■ Aim of the exercise: Set down the data below from its first line to the line holding "Floroom Hot Pink", inclusive; omit all pictures.

■ Supplied information:
=== Begin Enclosure ===

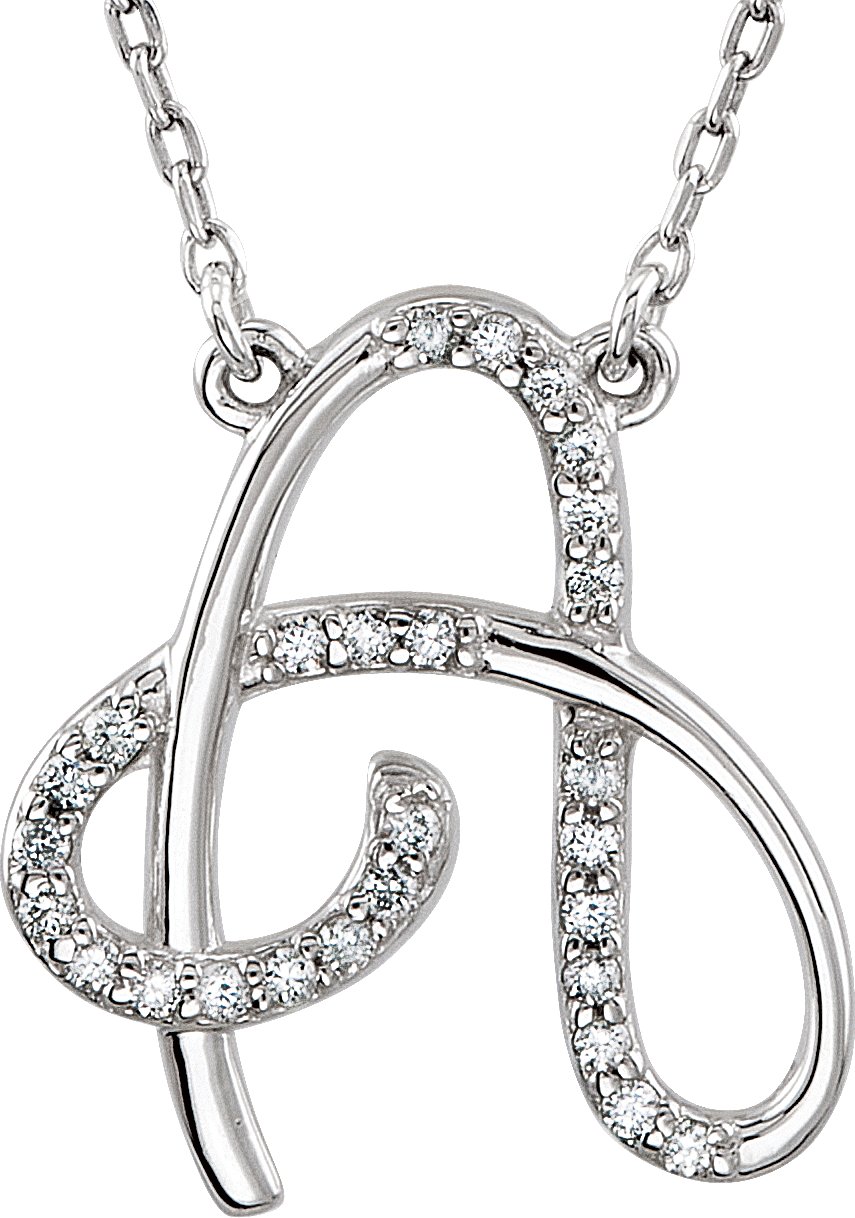 Sterling Silver 1/8 CTW Natural Diamond Initial A 16" Necklace
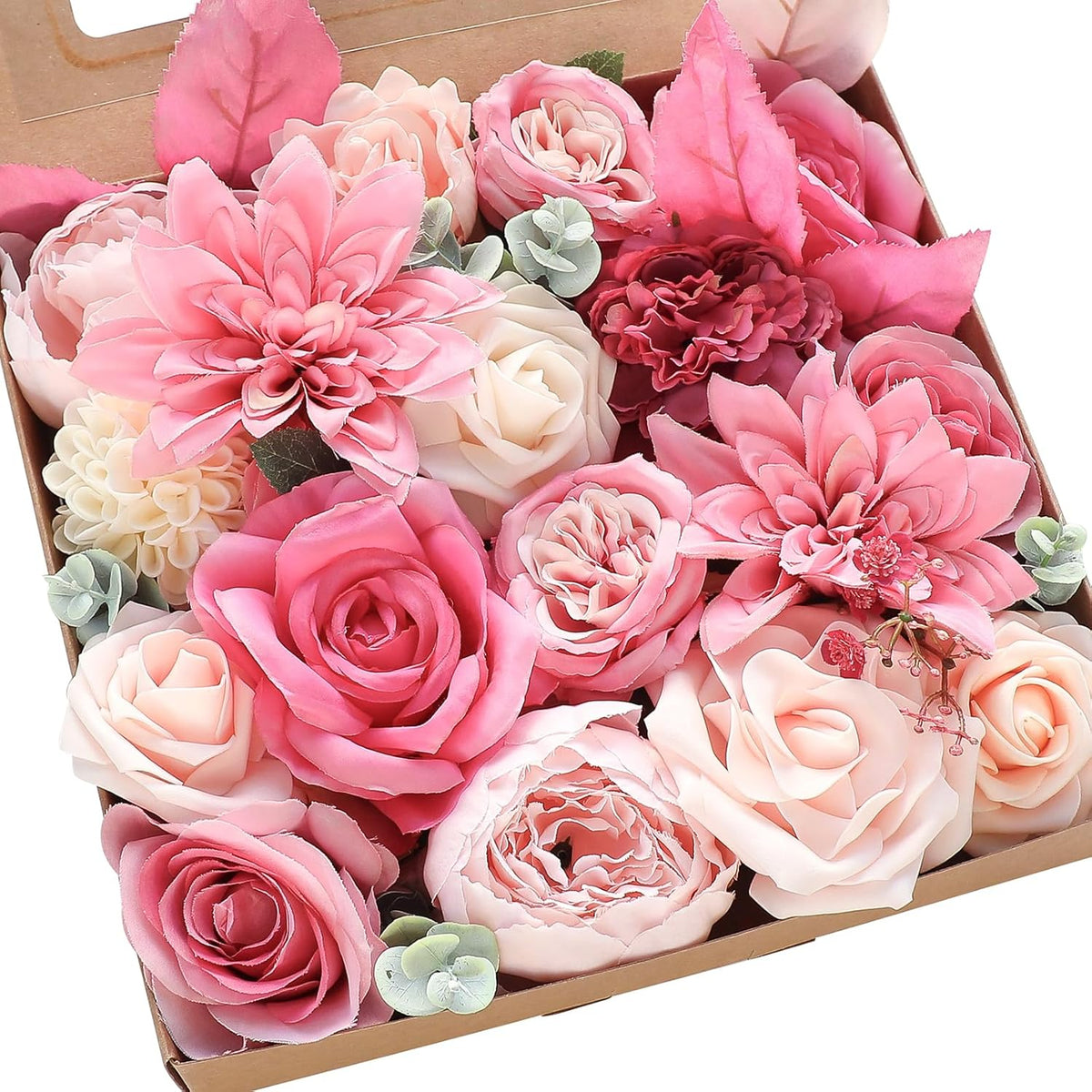 Floroom Hot Pink Blush Artificial Flowers Fake Roses Peonies Dahlias and Greenery Combo Box Set for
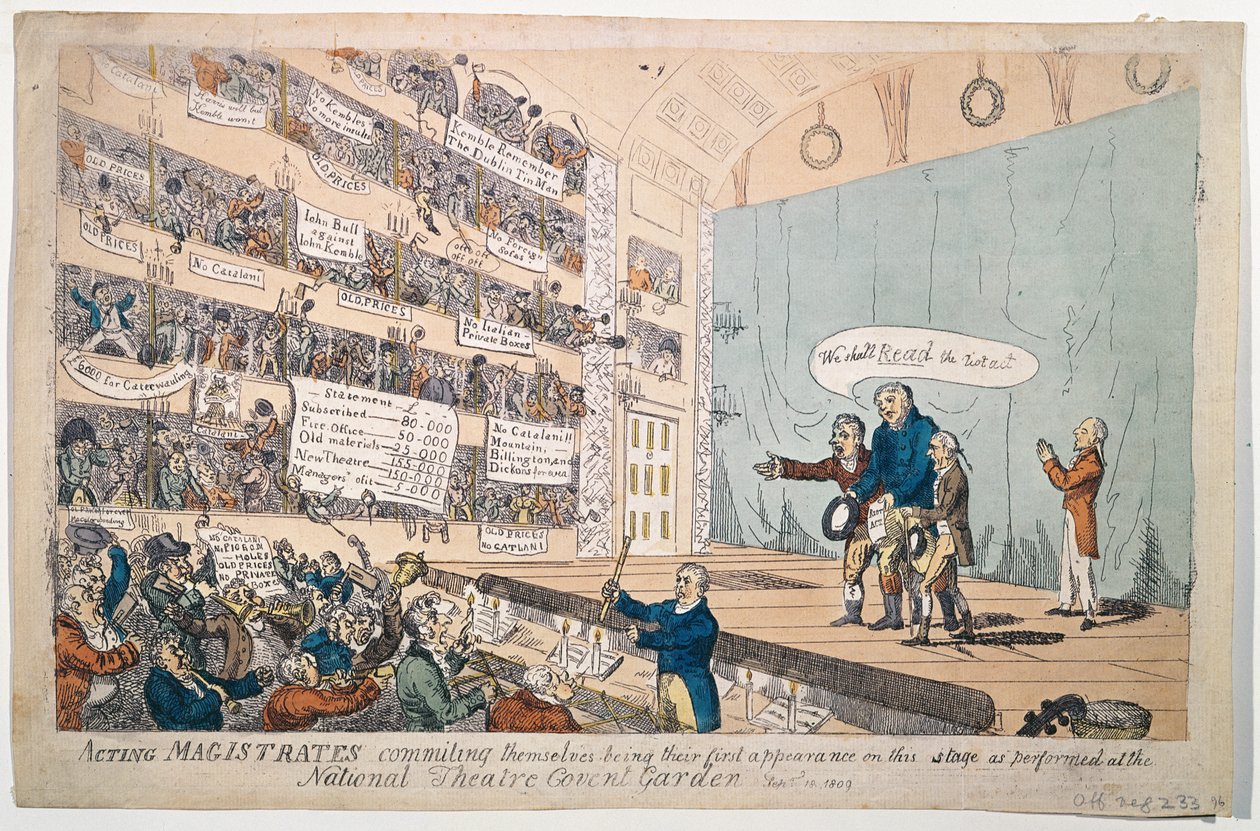 Az 1809-ben kiadott Covent Garden National Theatre első fellépése (kézzel színezett rézkarc). alkotó: James Gillray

=== End Enclosure ===

■ Result of this task:
 Sterling Silver 1/8 CTW Natural Diamond Initial A 16" Necklace
 Floroom Hot Pink Blush Artificial Flowers Fake Roses Peonies Dahlias and Greenery Combo Box Set for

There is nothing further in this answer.